Ils ne veulent plus devoir redémarrer leur machine deux fois par jour parce qu’une seule application a planté. Ils ne veulent plus voir leur bécane geler parce qu’un processus plus ou moins prioritaire (travail d’une image sur Photoshop, copie sur une disquette) occupe toute l’attention du système. Le processeur du Mac arrête par exemple de calculer lorsque l’usager déplace une fenêtre ou sélectionne un menu. Certaines fonctions ne peuvent simplement pas être exécutées simultanément. D’autre part, lorsque l’ordinateur est occupé à une tâche prioritaire, il devient impossible de l’interrompre.

La fragilité du Mac vient de la gestion de la mémoire du Mac OS actuel, qui n’a pratiquement pas évolué depuis les premiers modèles. Sur un Macintosh, les applications partagent la même zone (les mêmes adresses) mémoire. Du coup, lorsqu’une application gèle, c’est l’ensemble de la machine qu’il faut redémarrer car toute la mémoire vive est affectée. Le nouvel OS X propose enfin une mémoire protégée aux utilisateurs du Mac, ce qui augmente considérablement sa fiabilité puisque chaque processus occupe une zone distincte.

Par ailleurs, l’OS X apporte un élément indispensable à tout système d’exploitation moderne, ce que l’on appelle la «gestion préemptive des tâches» (en anglais «preemptive multitasking»). Il s’agit d’une segmentation de l’activité du processeur afin que chaque activité puisse fonctionner simultanément de manière plus fluide.

Ces éléments techniques sont hérités d’Unix, le noyau logiciel sur lequel s’appuie le nouvel OS X d’Apple (d’où le X). Réputé pour sa fiabilité, Unix s’est aussi rendu célèbre par sa relative complexité d’utilisation. Mais l’OS X offre une interface graphique qui dissimule élégamment la technologie professionnelle qui fonctionne en coulisse.

Et les résultats? Les impressions des analystes restent mitigées. C’est que l’OS X souffre encore de quelques défauts de jeunesse: impossible de visionner des films en DVD, ou d’utiliser un graveur de CD avec cette première version. Steve Jobs, le patron d’Apple, promet que ces deux petits problèmes seront réglés très rapidement. Quand ce sera le cas, l’OS X sera livré en standard dans les nouveaux ordinateurs dès cet été.

Par ailleurs, pour bénéficier des nouvelles performances du système (comme la mémoire partagée), les applications doivent être mises à jour et l’usager devra donc acquérir de nouvelles versions de ses logiciels préférés. Les anciens programmes fonctionneront comme avant, mais à l’intérieur d’une session indépendante (l’environnement «Classic»). Cette session souffrira des mêmes fragilités que l’OS 9.0 actuellement en service.
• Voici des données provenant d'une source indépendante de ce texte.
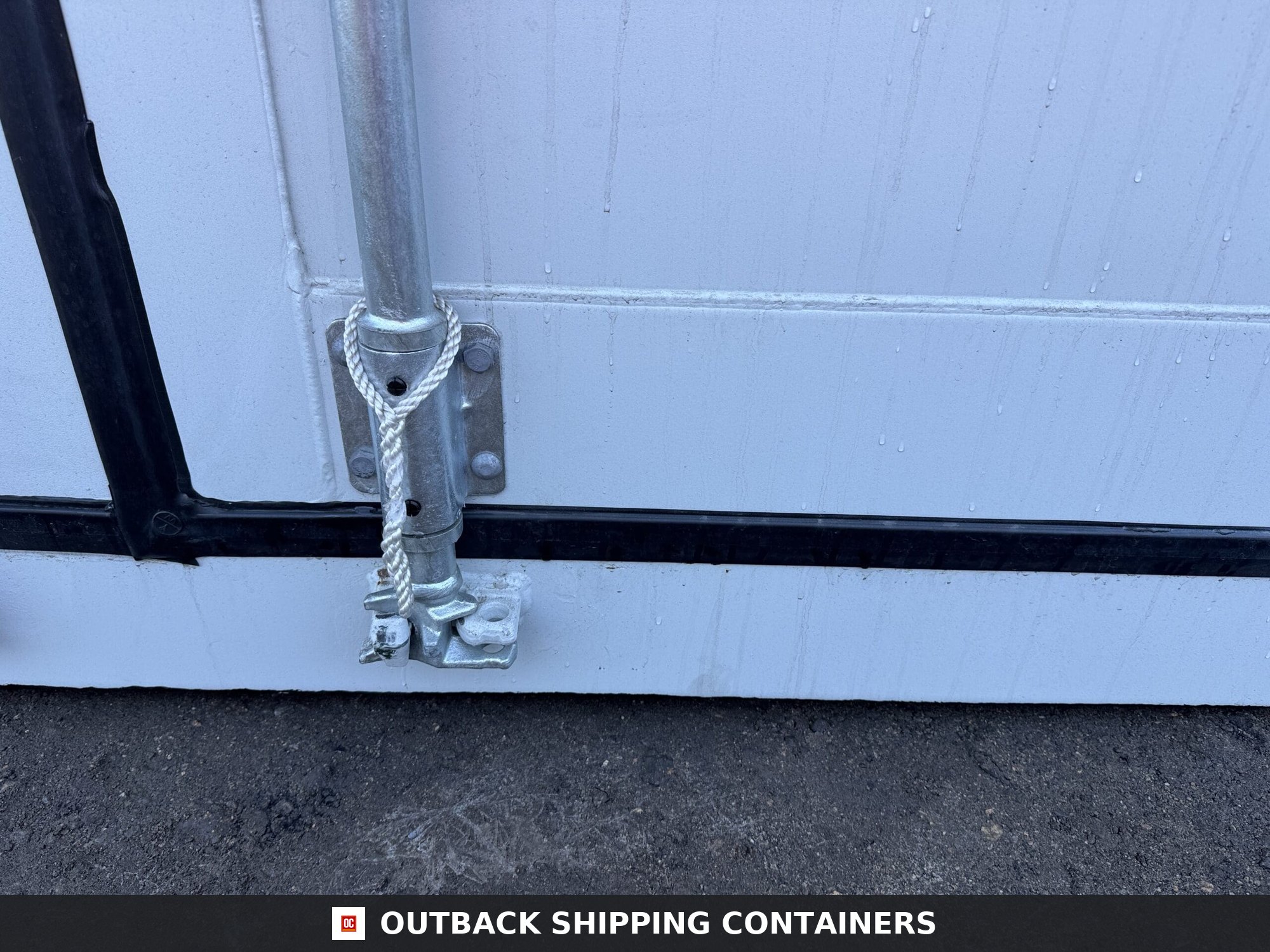 40ft New High Cube Shipping Container – Wind & Watertight – Lt Gray — 40ft — new (image 7 of 12)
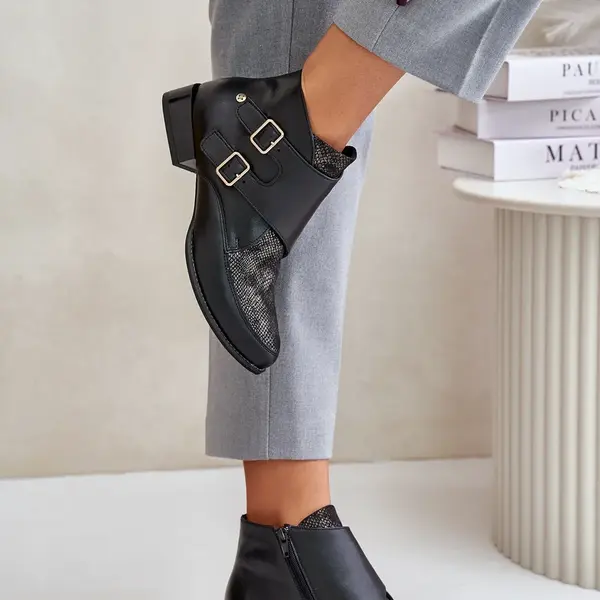 Kožené Čižmy S Nízkym Opätkom A Sponami Maciejka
Petit à petit, les applications évolueront pour profiter du nouvel environnement d’Apple. Mais les développeurs suivront-ils assez rapidement pour mettre à jour leurs produits? Par exemple, Macromedia a travaillé pendant un an pour rendre son logiciel d’édition professionnel FreeHand compatible avec l’OS X. Les autres – et notamment les fabricants de jeux – investiront-ils autant, ou préféreront-ils se concentrer sur le PC? L’avenir d’Apple dépend en grande partie de cette décision.

Ce dernier trimestre, Apple a retrouvé les déficits que la sortie de l’iMac, succès commercial indéniable, avait permis de combler. Mais pour que les parts de marché augmentent, il faudra que la qualité, l’élégance, la fiabilité et les performances de l’OS X encouragent les usagers de PC à passer sur Mac. Une mission d’envergure pour Steve Jobs.